There is only one published study on LDN so far, although there are several trials underway which you can review at the ldn trials link I posted above.
Am J Gastroenterol. 2007 Apr;102(4):820-8. Epub 2007 Jan 11.
Low-dose naltrexone therapy improves active Crohn's disease.
Smith JP, Stock H, Bingaman S, Mauger D, Rogosnitzky M, Zagon IS.
Department of Medicine, Pennsylvania State University College of Medicine, Hershey, Pennsylvania 17033, USA.

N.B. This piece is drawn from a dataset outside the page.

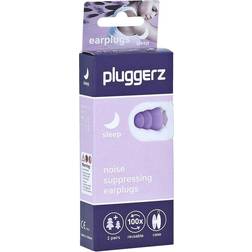 Pluggerz ørepropper, sleep 2 par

OBJECTIVES: Endogenous opioids and opioid antagonists have been shown to play a role in healing and repair of tissues. In an open-labeled pilot prospective trial, the safety and efficacy of low-dose naltrexone (LDN), an opioid antagonist, were tested in patients with active Crohn's disease. METHODS: Eligible subjects with histologically and endoscopically confirmed active Crohn's disease activity index (CDAI) score of 220-450 were enrolled in a study using 4.5 mg naltrexone/day. Infliximab was not allowed for a minimum of 8 wk prior to study initiation. Other therapy for Crohn's disease that was at a stable dose for 4 wk prior to enrollment was continued at the same doses. Patients completed the inflammatory bowel disease questionnaire (IBDQ) and the short-form (SF-36) quality of life surveys and CDAI scores were assessed pretreatment, every 4 wk on therapy and 4 wk after completion of the study drug. Drug was administered by mouth each evening for a 12-wk period. RESULTS: Seventeen patients with a mean CDAI score of 356 +/- 27 were enrolled. CDAI scores decreased significantly (P= 0.01) with LDN, and remained lower than baseline 4 wk after completing therapy. Eighty-nine percent of patients exhibited a response to therapy and 67% achieved a remission (P < 0.001). Improvement was recorded in both quality of life surveys with LDN compared with baseline. No laboratory abnormalities were noted. The most common side effect was sleep disturbances, occurring in seven patients. CONCLUSIONS: LDN therapy appears effective and safe in subjects with active Crohn's disease. Further studies are needed to explore the use of this compound.
If you want to better understand LDN's impact on the immune system and elsewhere, you can start pubmedding beta-endorphin, because LDN raises beta-endorphin levels 200-300% according to Dr. Bihari (the discoverer of LDN) and that is how it is thought to work.
I should also mention that I experienced dramatic improvements in mood and libido.
Edited by FunkOdyssey, 21 April 2008 - 12:39 PM.